▶ Exercise description:
Omitting the pictures, output all of the records precisely as written.

Pictures with short captions
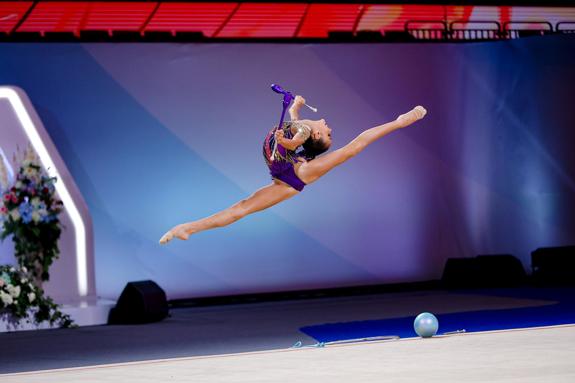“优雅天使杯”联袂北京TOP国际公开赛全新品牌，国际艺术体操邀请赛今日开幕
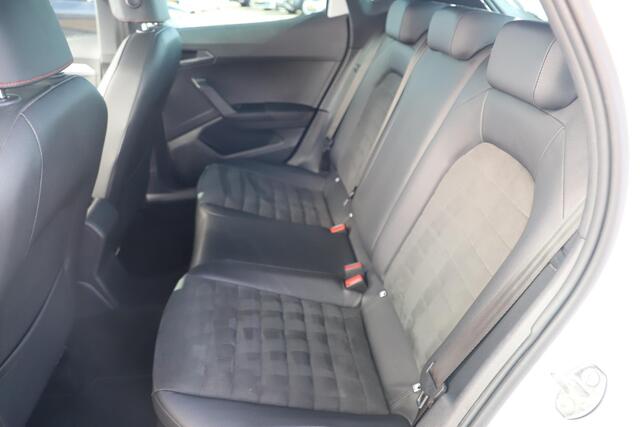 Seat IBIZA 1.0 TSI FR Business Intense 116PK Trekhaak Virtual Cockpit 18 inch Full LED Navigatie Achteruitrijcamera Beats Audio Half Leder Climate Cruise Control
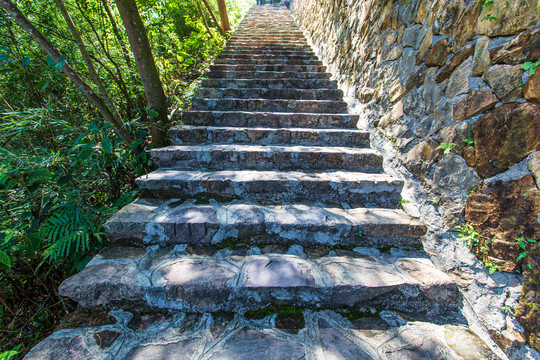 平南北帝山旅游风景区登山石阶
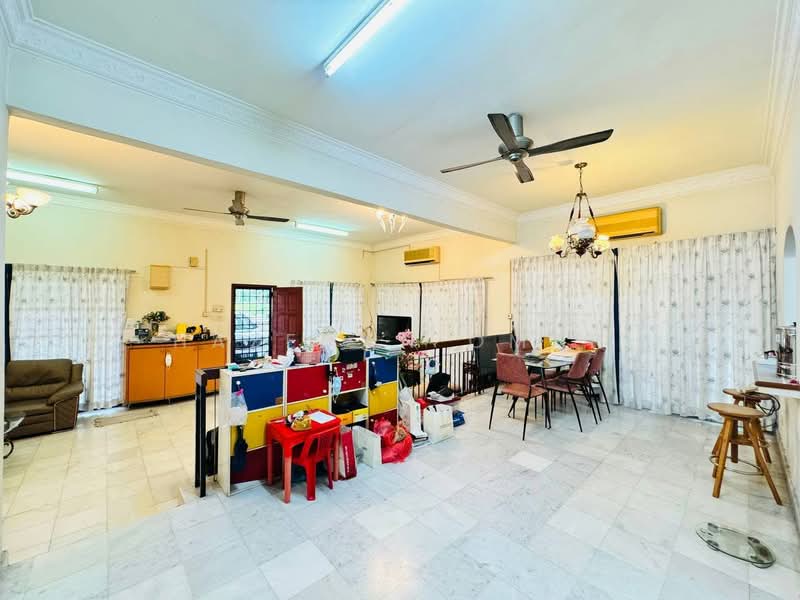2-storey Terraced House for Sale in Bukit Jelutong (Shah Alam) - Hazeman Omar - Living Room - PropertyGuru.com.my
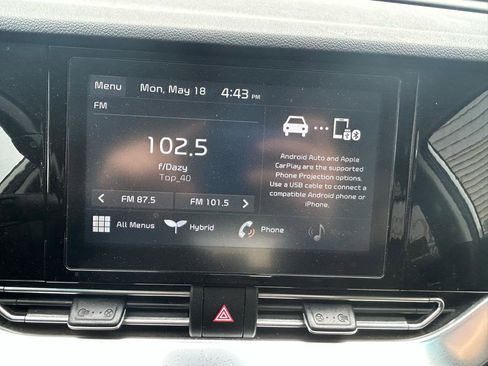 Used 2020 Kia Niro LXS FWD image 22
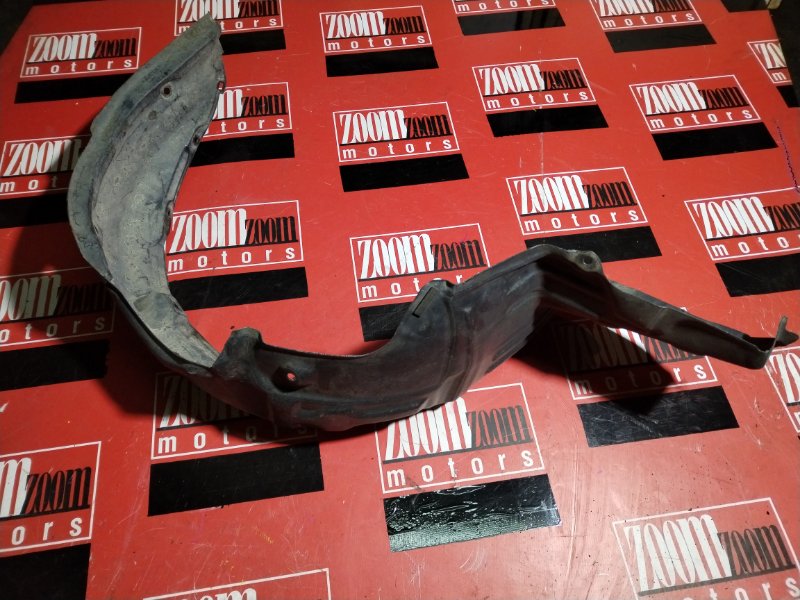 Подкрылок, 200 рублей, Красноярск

▶ Reply to the exercise:
“优雅天使杯”联袂北京TOP国际公开赛全新品牌，国际艺术体操邀请赛今日开幕
 Seat IBIZA 1.0 TSI FR Business Intense 116PK Trekhaak Virtual Cockpit 18 inch Full LED Navigatie Achteruitrijcamera Beats Audio Half Leder Climate Cruise Control
 平南北帝山旅游风景区登山石阶
2-storey Terraced House for Sale in Bukit Jelutong (Shah Alam) - Hazeman Omar - Living Room - PropertyGuru.com.my
 Used 2020 Kia Niro LXS FWD image 22
 Подкрылок, 200 рублей, Красноярск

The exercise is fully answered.